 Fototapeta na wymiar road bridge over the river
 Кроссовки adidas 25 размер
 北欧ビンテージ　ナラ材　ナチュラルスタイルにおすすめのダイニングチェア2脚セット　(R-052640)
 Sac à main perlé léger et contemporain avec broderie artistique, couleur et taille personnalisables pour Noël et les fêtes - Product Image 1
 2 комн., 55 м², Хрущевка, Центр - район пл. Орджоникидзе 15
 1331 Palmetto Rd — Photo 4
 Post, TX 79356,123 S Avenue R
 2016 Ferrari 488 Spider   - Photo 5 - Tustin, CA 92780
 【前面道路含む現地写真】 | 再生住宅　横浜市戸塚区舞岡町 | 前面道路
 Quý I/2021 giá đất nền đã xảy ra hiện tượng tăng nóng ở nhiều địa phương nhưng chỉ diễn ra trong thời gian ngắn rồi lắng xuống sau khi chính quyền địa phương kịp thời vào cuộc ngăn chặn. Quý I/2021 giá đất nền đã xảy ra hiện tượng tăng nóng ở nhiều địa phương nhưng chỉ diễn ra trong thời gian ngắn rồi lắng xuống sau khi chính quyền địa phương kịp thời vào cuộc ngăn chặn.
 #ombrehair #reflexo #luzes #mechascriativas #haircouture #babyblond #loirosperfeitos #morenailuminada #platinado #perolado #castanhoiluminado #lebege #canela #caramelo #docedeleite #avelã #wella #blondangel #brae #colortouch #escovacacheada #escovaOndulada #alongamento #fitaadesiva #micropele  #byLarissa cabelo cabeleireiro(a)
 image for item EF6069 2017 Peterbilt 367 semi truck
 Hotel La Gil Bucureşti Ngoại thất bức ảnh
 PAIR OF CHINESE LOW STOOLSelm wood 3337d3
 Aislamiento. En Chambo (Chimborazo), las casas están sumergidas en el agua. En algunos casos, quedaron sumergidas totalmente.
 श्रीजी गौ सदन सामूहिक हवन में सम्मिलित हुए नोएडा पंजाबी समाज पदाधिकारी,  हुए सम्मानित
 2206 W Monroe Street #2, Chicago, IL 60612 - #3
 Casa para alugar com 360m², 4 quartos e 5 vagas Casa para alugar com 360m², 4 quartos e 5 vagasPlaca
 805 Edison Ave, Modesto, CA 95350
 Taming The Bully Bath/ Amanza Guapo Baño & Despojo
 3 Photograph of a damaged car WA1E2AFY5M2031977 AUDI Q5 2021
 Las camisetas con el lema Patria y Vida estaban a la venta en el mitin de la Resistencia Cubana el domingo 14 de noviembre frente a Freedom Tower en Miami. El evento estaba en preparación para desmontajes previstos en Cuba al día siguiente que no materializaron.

- - - - - - -

Take every line above that includes "para" and list it.

 Casa para alugar com 360m², 4 quartos e 5 vagas Casa para alugar com 360m², 4 quartos e 5 vagasPlaca
 Las camisetas con el lema Patria y Vida estaban a la venta en el mitin de la Resistencia Cubana el domingo 14 de noviembre frente a Freedom Tower en Miami. El evento estaba en preparación para desmontajes previstos en Cuba al día siguiente que no materializaron.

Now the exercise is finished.